You can also follow the more technical specification of the parametric settings here: https://www.unicode.org/reports/tr35/tr35-collation.html#Collation_Settings. For each setting, I’m also going to quote the definition from the CLDR XML file, for easy reference.
A note on specifying locale names: This could be a topic on its own,
but just to help understand the below: There are two ways to specify
locale names in ICU: The modern BCP 47 syntax like en-u-kn-true
and
the old ICU-specific one like en@colNumeric=yes
. In this article,
I’m going to use the BCP 47 syntax throughout, but I’m using the
older, more verbose keys as section headings, for easier navigation.
The specification for BCP 47 is RFC
5646. The -u-
you see
in the examples below is the extension identifier
registered
to Unicode. The reference for that extension in turn is RFC
6067, which points to
https://cldr.unicode.org/index/bcp47-extension, which then points to
the above XML file for collation-specific information. (There are
other locale concerns beyond collation, such as calendars and number
formatting, which are covered by these specifications but are not
relevant to this article.)
I’m basing all the example locales on und
, which stands for
“undetermined” and uses the language-neutral (as good as possible)

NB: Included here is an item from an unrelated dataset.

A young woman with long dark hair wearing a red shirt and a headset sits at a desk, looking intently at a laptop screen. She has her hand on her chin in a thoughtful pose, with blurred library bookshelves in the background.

default order defined by UCA.
And a final note before we get started: All examples are with PostgreSQL 15 and ICU 72.
colAlternate
<key name="ka" description="Collation parameter key for alternate handling" alias="colAlternate">
<type name="noignore" description="Variable collation elements are not reset to ignorable" alias="non-ignorable"/>
<type name="shifted" description="Variable collation elements are reset to zero at levels one through three"/>
</key>
This setting determines how variable collation elements, such as whitespace and punctuation, are handled. I talked about this in detail in a previous article.
Here is a quick example:
create collation a (provider = icu, locale = 'und-u-ka-noignore'); -- default
create collation b (provider = icu, locale = 'und-u-ka-shifted');
select * from (values ('death'), ('deluge'), ('de luge')) _(x)
order by x collate a;
x
---------
de luge
death
deluge
select * from (values ('death'), ('deluge'), ('de luge')) _(x)
order by x collate b;
x
---------
death
de luge
deluge
Note that the ICU default is “noignore” but the UCA default is “shifted”.
See the previous article for more details.
colBackwards
<key name="kb" description="Collation parameter key for backward collation weight" alias="colBackwards">
<type name="true" description="The second level to be backwards" alias="yes"/>
<type name="false" description="No backwards (the second level to be forwards)" alias="no"/>
</key>
This setting causes the secondary weights (the accents) to be backwards, meaning they are compared starting from the end of the string. This used to be used in French, but it is now obsolescent.
Example:
create collation a (provider = icu, locale = 'und-u-kb-false'); -- normal
create collation b (provider = icu, locale = 'und-u-kb-true'); -- backwards
select * from (values ('cote'), ('coté'), ('côte'), ('côté')) _(x)
order by x collate a;
x
------
cote
coté
côte
côté
select * from (values ('cote'), ('coté'), ('côte'), ('côté')) _(x)
order by x collate b;
x
------
cote
côte
coté
côté
As you can see here, the francophone world is apparently divided on this:
select * from (values ('cote'), ('coté'), ('côte'), ('côté')) _(x)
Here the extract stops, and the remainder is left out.